Eskalation der Gewalt: Chinas Polizei schießt auf Aufständische in Sichuan. Vier Personen wurden verletzt. Die Presse wurde aus Tibet ausgewiesen.
Die chinesische Polizei verstärkt ihre Vorgehensweise gegen die Demonstranten auch in anderen Provinzen. Vier Personen wurden durch Schüsse in Sichuan verletzt.
24 Menschen verhaftet
Wegen der Unruhen in Tibets Hauptstadt
Lhasa in der vergangenen Woche hat China nach offiziellen Angaben 24
Menschen verhaftet. Die Staatsanwaltschaft wirft den Verdächtigen Gefährdung
der nationalen Sicherheit sowie Plünderungen, Brandstiftungen und andere
gewaltsame Übergriffe vor, wie der amtliche tibetische Mediendienst am
Donnerstag mitteilte. Es lägen stichhaltige Beweise vor, sagte der
stellvertretende Leiter der Strafverfolgungsbehörde in Lhasa, Xie Yanjun.

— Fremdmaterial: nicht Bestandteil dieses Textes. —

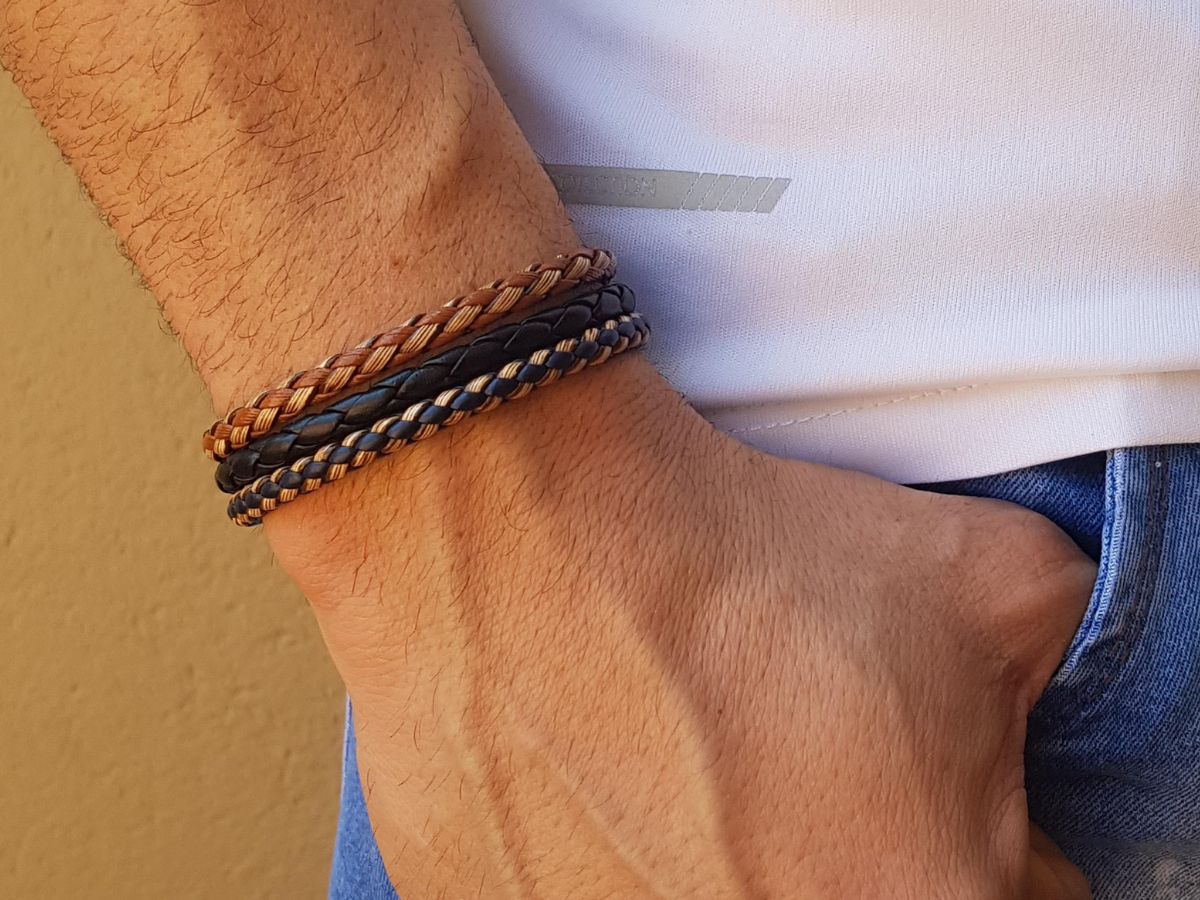 Casual braided leather bracelets in black and brown on man's wrist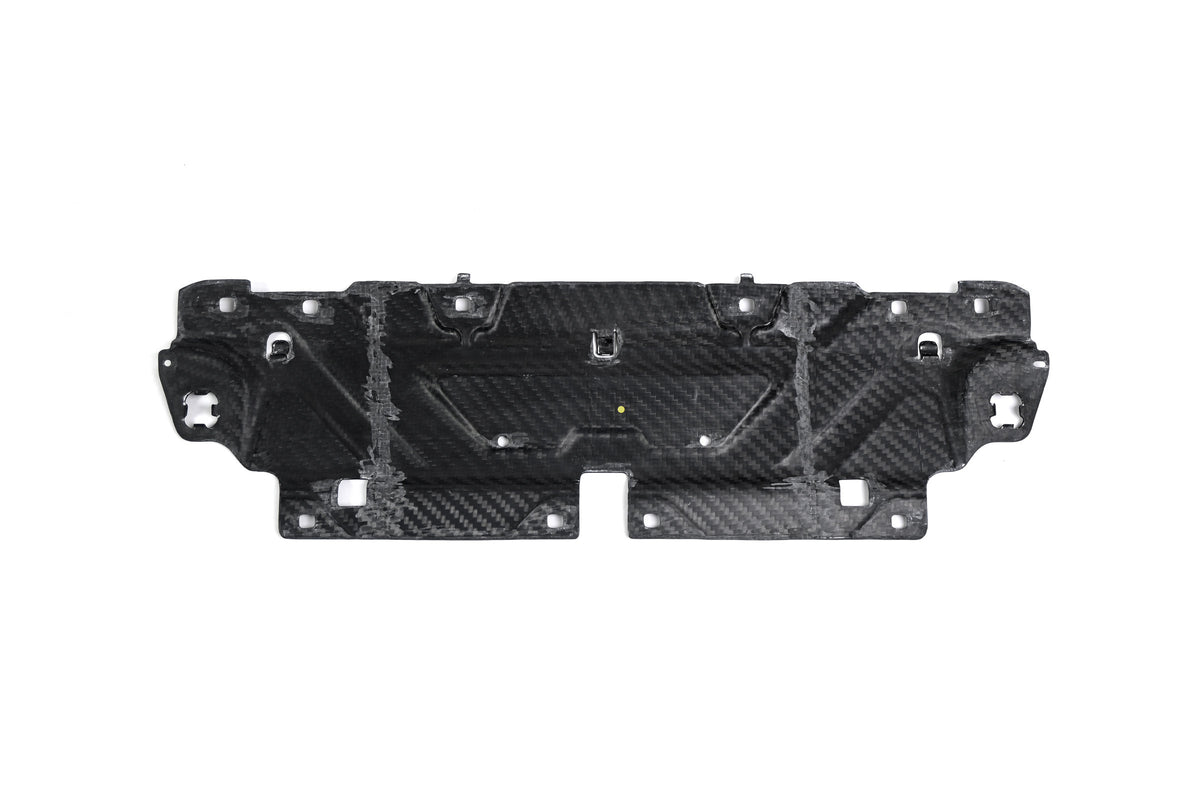 BMW G22 4 Series carbon fiber slam panel cover is shown from the underside with cutouts and mounting tabs.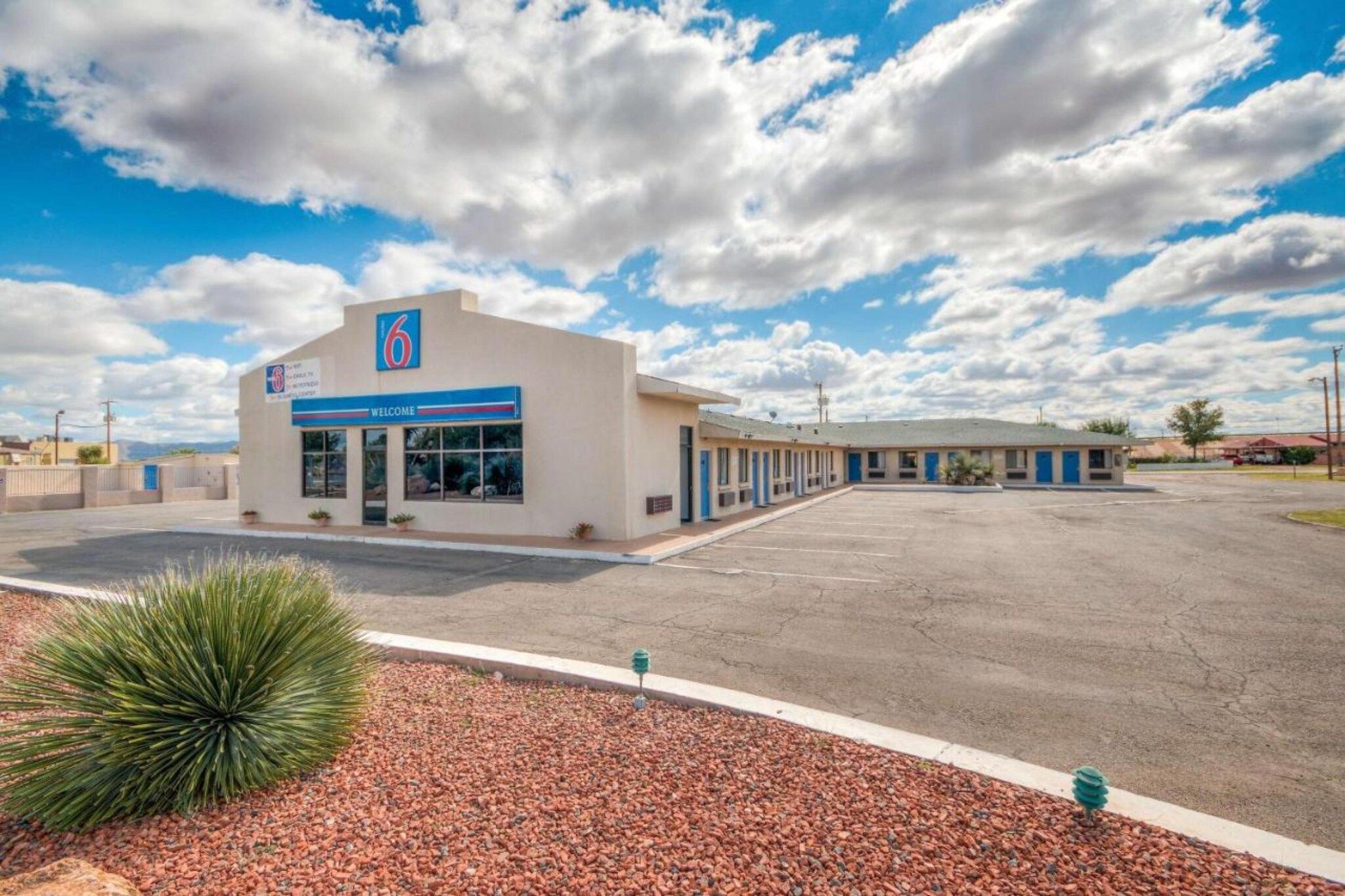A motel with a '6' sign, a 'Welcome' banner, and a parking lot.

Harte Strafen seien nötig, um die Einhaltung der Gesetze zu gewährleisten.
Mehr als tausend Tibeter, einige von ihnen zu Pferd, hatten eine entlegene Stadt in der chinesischen Provinz Gansu gestürmt. Sie griffen ein Regierungsgebäude an und hissten die tibetische Flagge, berichtete der kanadische Fernsehsender CTV am Mittwoch. Die Fernsehbilder zeigten jubelnde Tibeter beim Sturm auf eine ungenannte Stadt in der Provinz
Peking geht gegen die Presse vor
Unterdessen haben die
chinesischen Behörden zwei deutsche Korrespondenten, Georg Blume und Kristin
Kupfer, am Donnerstag aus Tibet ausgewiesen. Ihnen habe ein ranghoher
Funktionär mit dem Entzug der Aufenthaltsgenehmigung in China gedroht,
berichtete Blume telefonisch der Deutschen Presse-Agentur dpa in Peking,
bevor die Polizei sie zur Eisenbahn eskortierte. Mehrere Tage hatten sich
die beiden geweigert, den Anweisungen der Polizei zu folgen, das Hochland
nach den schweren Unruhen in Lhasa zu verlassen.

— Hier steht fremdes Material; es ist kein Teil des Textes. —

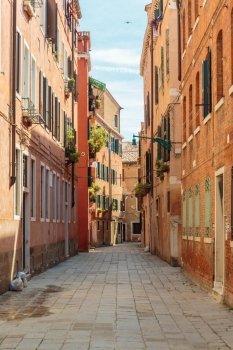 Narrow street in the old town in Venice Italy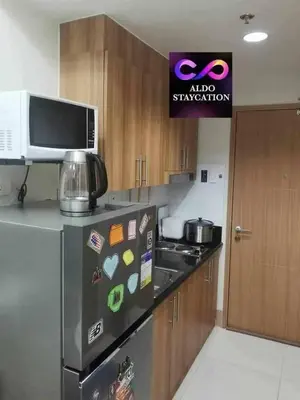 a kitchen with a stainless steel refrigerator and a microwave at Mall of Asia gateways shore 3 condotel in Manila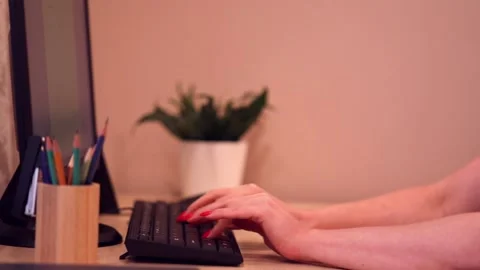 Women's hands quickly type on the keyboard. The concept of office or remote work Stock Footage 147602717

Profil-Korrespondentin ausgewiesen
"Uns wurde heute auf
einschüchternde Weise gesagt, wenn wir jetzt nicht gehen, werden wir sehr
große Probleme bekommen, und zwar auch in der Visafrage", sagte
der China-Korrespondent der Wochenzeitung "Die Zeit" und Berliner "taz".
Seine Kollegin Kupfer ist in Peking für das österreichische Magazin "Profil"
akkreditiert. Beide waren die letzten ausländischen Korrespondenten in
Tibet. Zuvor hatten bereits der Korrespondent des "Economist",
James Miles, sowie am Montag schon mehrere Hongkonger Journalisten Lhasa
verlassen müssen.
In der Himalaya-Region waren in der Vorwoche Proteste gegen die chinesische Herrschaft in Gewalt umgeschlagen. Dabei kamen nach offiziellen chinesischen Angaben mindestens 16 Menschen ums Leben, drei Demonstranten und ansonsten unbeteiligte Zivilisten. Die tibetische Exil-Regierung spricht dagegen von 100 Toten durch das harte Vorgehen der Sicherheitskräfte. China machte den Dalai Lama für die Unruhen verantwortlich, die sich inzwischen auf angrenzende Provinzen ausgeweitet haben. Das geistliche Oberhaupt der Tibeter bestreitet die Vorwürfe und hat aus seinem indischen Exil beide Seiten zum Gewaltverzicht aufgerufen.
Militärpräsenz auch in anderen Provinzen verstärkt
Die
chinesische Regierung hatte die Militärpräsenz in Tibet und zwei
Nachbarprovinze massiv verstärkt. Die amtliche Nachrichtenagentur Xinhua
berichtete am Donnerstag erstmals von Unruhen auch in den Provinzen Gansu
und Sichuan. Teile dieser Provinzen gehören zum tibetischen Siedlungsgebiet.
Eine Tibeterin im Nordwesten von Sichuan sagte telefonisch: "Es sind
viele, viele Soldaten da. Ich habe Angst, das Haus zu verlassen." Sie
habe von zahlreichen Verhaftungen gehört, sagte die Bewohnerin der Präfektur
Aba. In der Stadt Aba (tibetisch: Ngawa) seien am Sonntag Geschäfte und
Amtsgebäude angegriffen worden, meldete Xinhua. Ähnliche Vorfälle habe es in
fünf Präfekturen der Provinz Gansu gegeben.